Lionel Bowen

Personal information
- Full name: Lionel Francis William Bowen
- Date of birth: 31 December 1915
- Place of birth: Southampton, England
- Date of death: July 1996 (age 80)
- Place of death: Marlborough, England
- Height: 5 ft 10 in (1.78 m)
- Position: Left-back

Youth career
- Crystal Palace

Senior career*
- Years: Team / Apps / (Gls)
- 1934–1937: Southampton / 2 / (0)
- Winchester City

= Lionel Bowen (footballer) =

English footballer

Lionel Francis William Bowen QPM (31 December 1915 – July 1996) was an English professional footballer who played at left-back for Southampton in 1937, before a long career in the police.

==Football career==
Bowen was born in Sholing, Southampton and educated at Sholing School. After playing for the school and Sholing St. Mary's, he spent a short spell as a trainee at Crystal Palace before returning to his home-town club in September 1934.
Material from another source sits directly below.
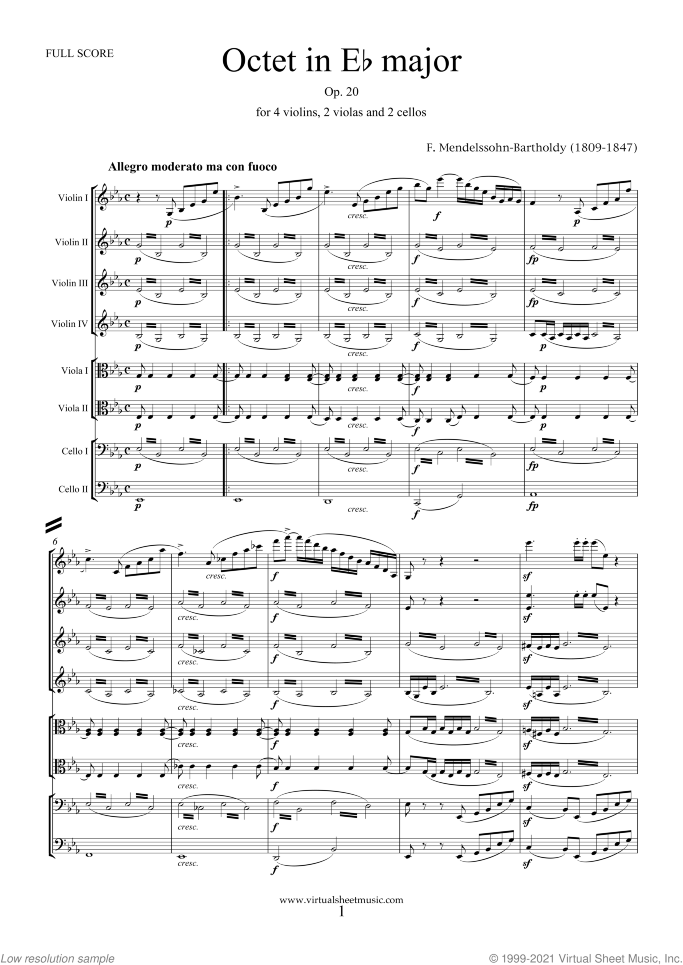 Octet in Eb major Op. 20 (f.score) sheet music for strings by Felix Mendelssohn-Bartholdy, classical score, intermediate/advanced skill level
He spent the first two seasons with the "Saints" in the reserves, making over 90 appearances, before replacing Donovan Browning for the last two matches of the 1936–37 season, away to Barnsley (lost 2–1) and at home to Nottingham Forest (lost 3–0).

==Police career==
During the summer of 1937, Bowen obtained a place at the Metropolitan Police training college at Hendon. He later joined the Hampshire Constabulary, reaching the rank of Chief Superintendent, and was awarded the Queen's Police Medal in the 1977 New Year's Honours.

During World War II, Bowen was on duty in Southampton when he came upon a group of drunken revellers; amongst the men he admonished was a former Saints teammate, Billy Boyd.